Task goal.
Write out exactly, excluding pictures, the lines from the one containing "2022党支部组织生活会情况总结报告党支部组织生活会工作报告7篇.docx" through the end of the data, both included.

Information shown.
───

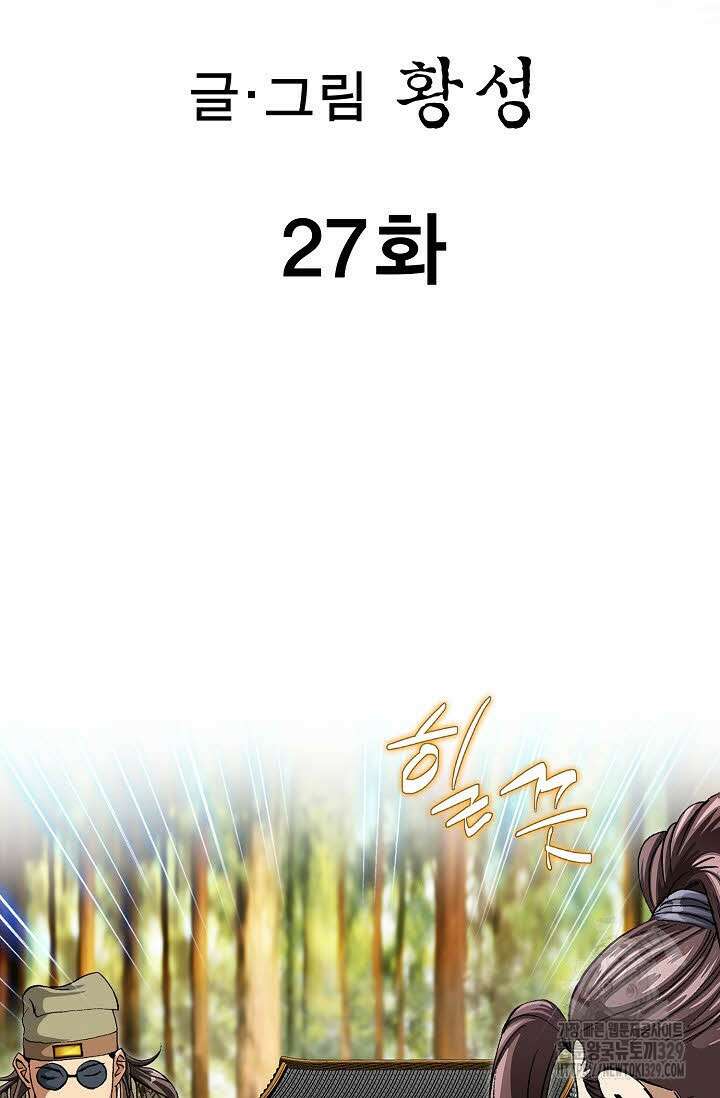 무쌍 27화 2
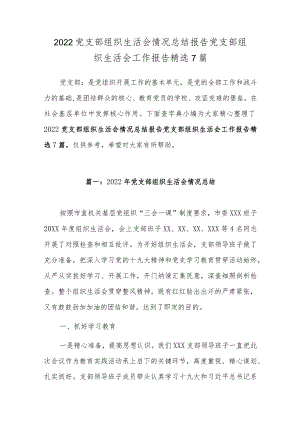2022党支部组织生活会情况总结报告党支部组织生活会工作报告7篇.docx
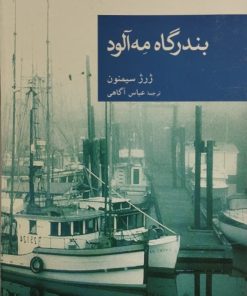بندر گاه مه آلود | ژرژ سیمنون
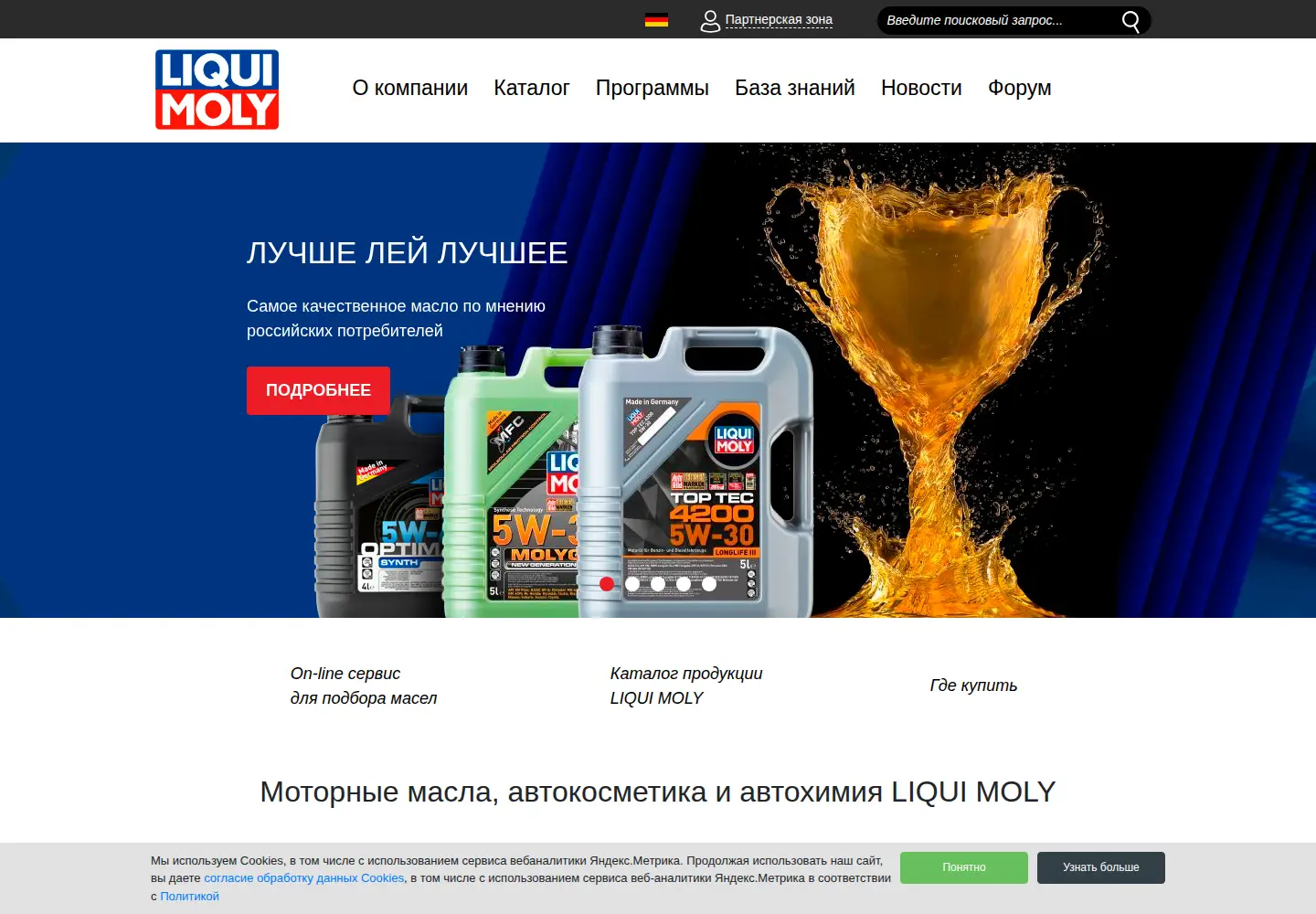Screenshot of liquimoly.ru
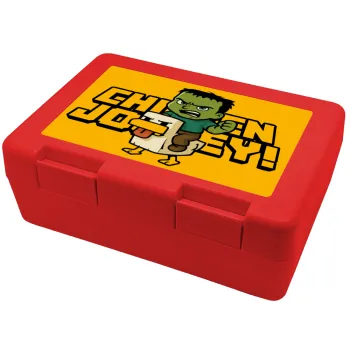 Chicken Jockey, Παιδικό δοχείο κολατσιού ΚΟΚΚΙΝΟ 185x128x65mm (BPA free πλαστικό)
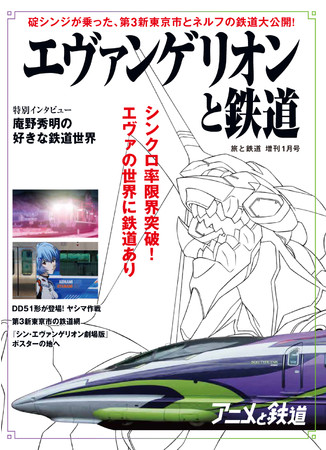 エヴァンゲリオンと鉄道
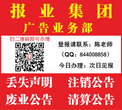 登报电话0591-8806.1144福建日报广告部图片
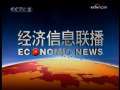 经济信息联播 个股普涨 A股市场继续反弹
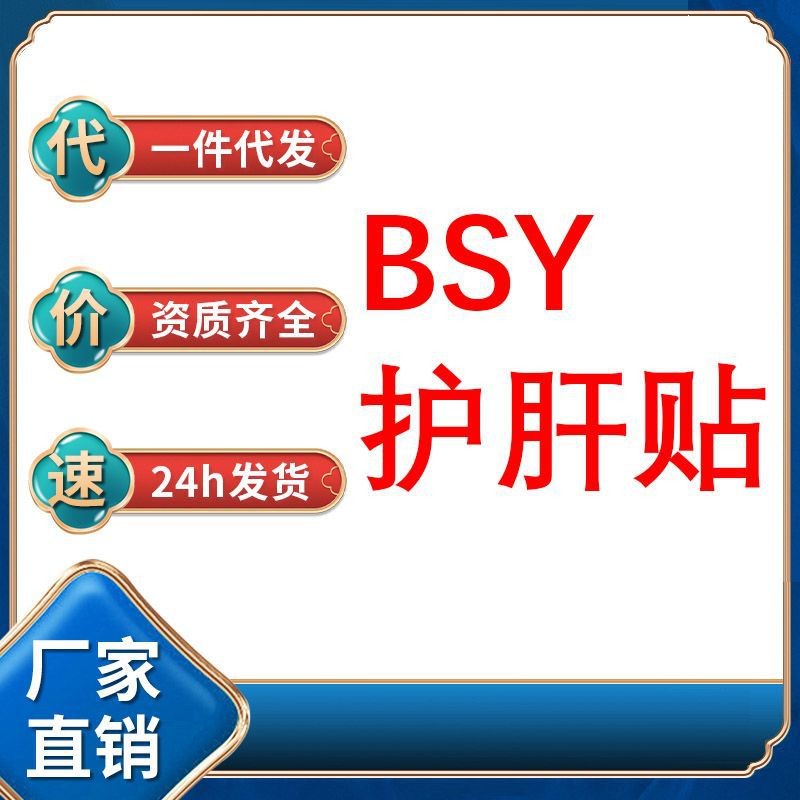 BSY Protect Liver Bianstone Patch 6 Cái / hộp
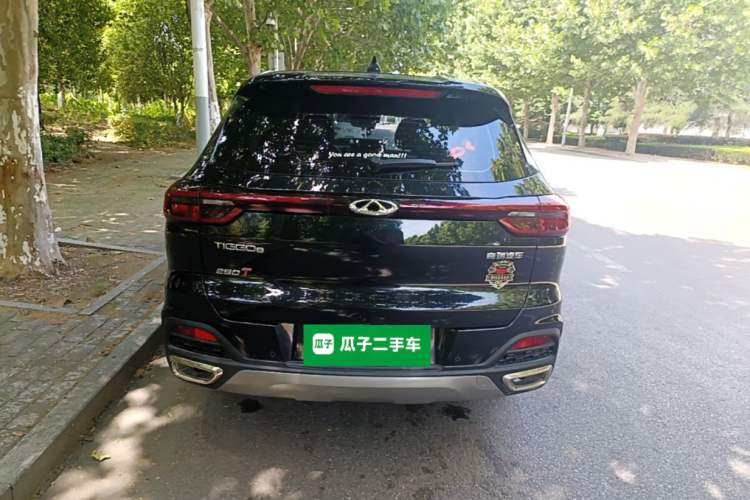 Used Chery Tiggo 8 2020 Revised Version 290TGDI Automatic Luxury Edition Rear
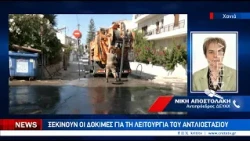 Χανιά: Τοποθέτησαν "νάρθηκα" στον αγωγό αποχέτευσης στην Νέα Χώρα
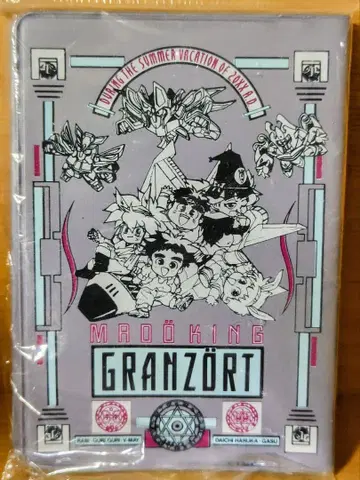 마동왕 그랑조트 카드 홀더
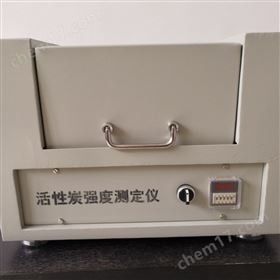 木質活(huo)性(xing)炭(tan)強度(du)試驗儀(yi)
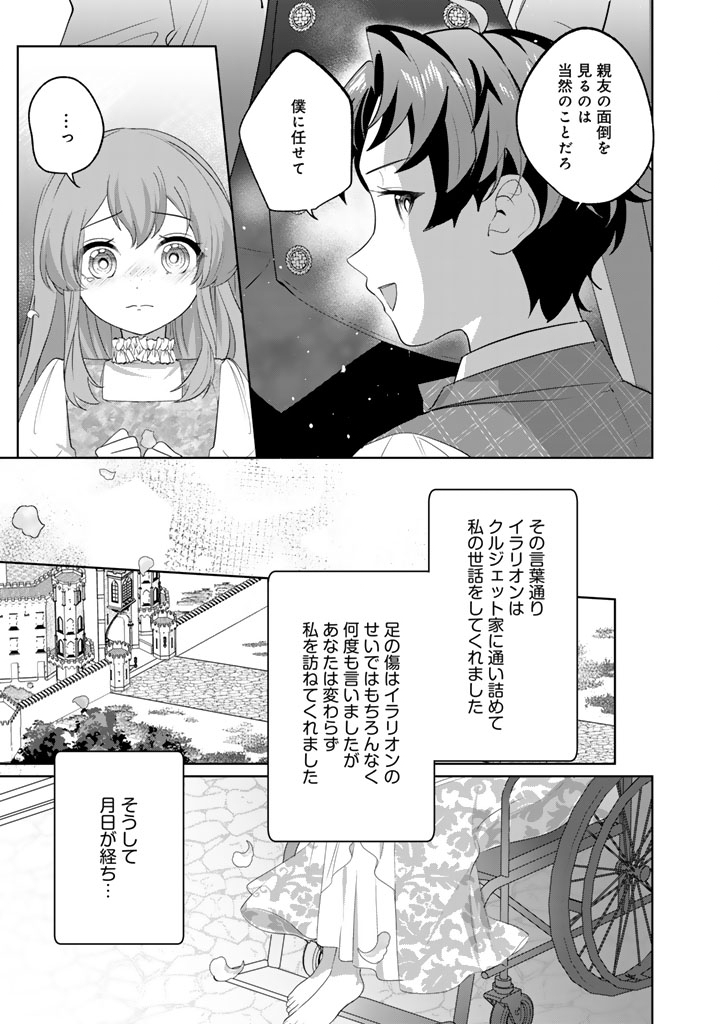 Kokuhoukyuu Reisoku no Kyuukon - Chapter 12.2 - Page 9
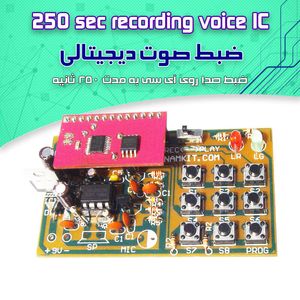 کیت ضبط صوت تا 250 ثانیه - بهنام رباتیک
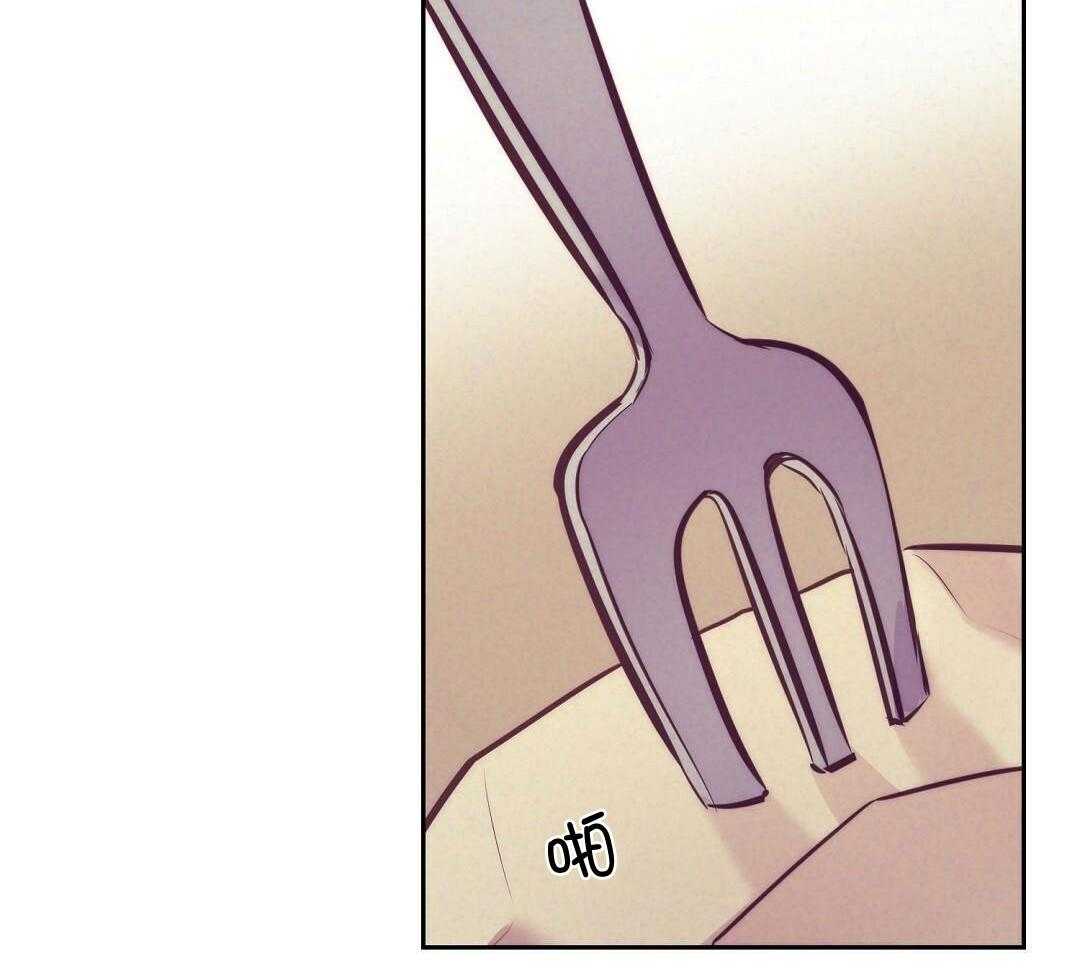 《再见》漫画最新章节第94话免费下拉式在线观看章节第【48】张图片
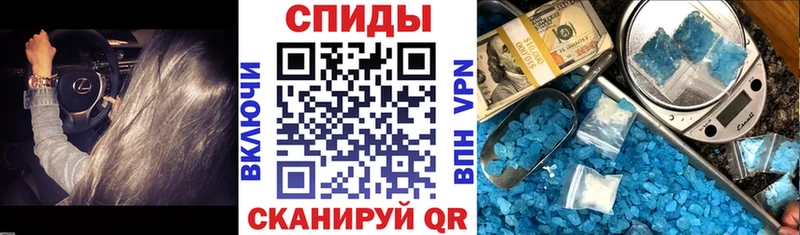 где найти   Ачхой-Мартан  АМФ VHQ 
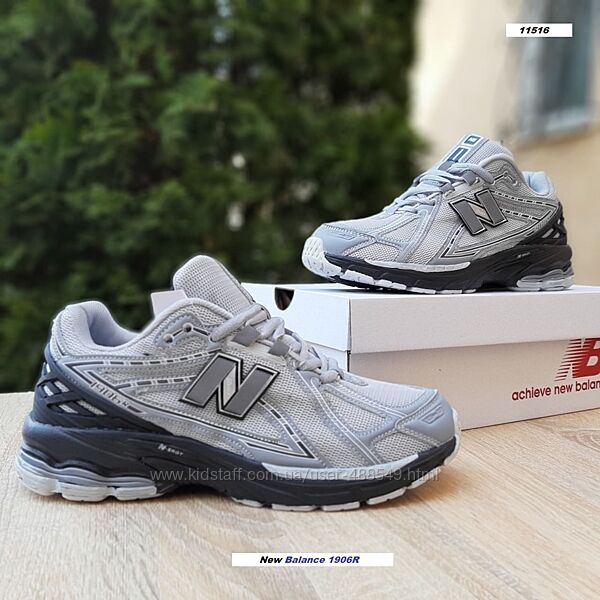 Кросівки чоловічі New Balance 1906R сірі 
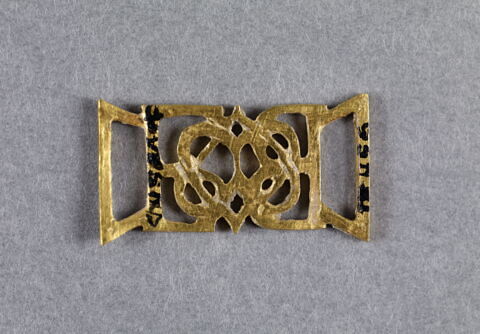 applique, image 4/5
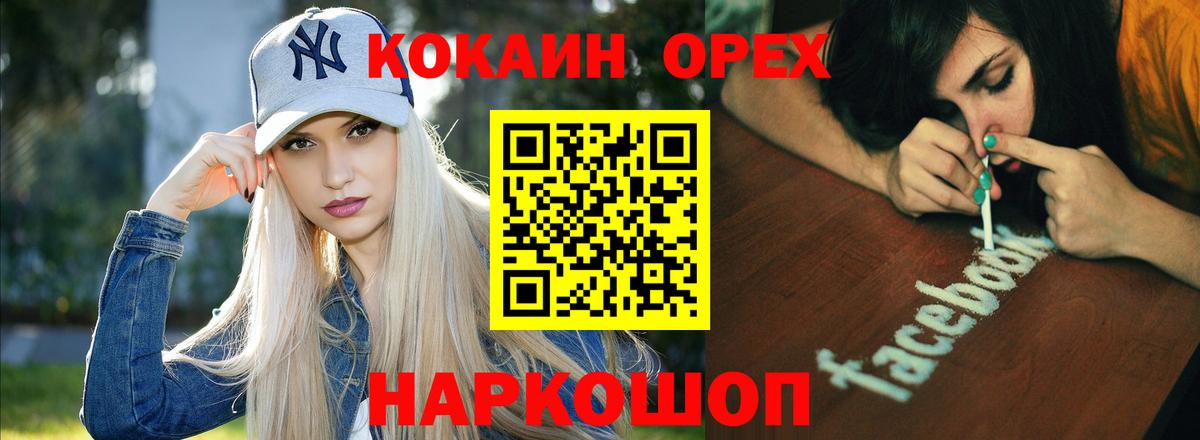 Cocaine Columbia Кинель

───

Your response.
2022党支部组织生活会情况总结报告党支部组织生活会工作报告7篇.docx
بندر گاه مه آلود | ژرژ سیمنون
Screenshot of liquimoly.ru
 Chicken Jockey, Παιδικό δοχείο κολατσιού ΚΟΚΚΙΝΟ 185x128x65mm (BPA free πλαστικό)
 エヴァンゲリオンと鉄道
 登报电话0591-8806.1144福建日报广告部图片
 经济信息联播 个股普涨 A股市场继续反弹
 BSY Protect Liver Bianstone Patch 6 Cái / hộp
 Used Chery Tiggo 8 2020 Revised Version 290TGDI Automatic Luxury Edition Rear
 Χανιά: Τοποθέτησαν "νάρθηκα" στον αγωγό αποχέτευσης στην Νέα Χώρα
 마동왕 그랑조트 카드 홀더
 木質活(huo)性(xing)炭(tan)強度(du)試驗儀(yi)
 Kokuhoukyuu Reisoku no Kyuukon - Chapter 12.2 - Page 9
 کیت ضبط صوت تا 250 ثانیه - بهنام رباتیک
 《再见》漫画最新章节第94话免费下拉式在线观看章节第【48】张图片
 где найти   Ачхой-Мартан  АМФ VHQ 
 Кросівки чоловічі New Balance 1906R сірі 
 applique, image 4/5
 Cocaine Columbia Кинель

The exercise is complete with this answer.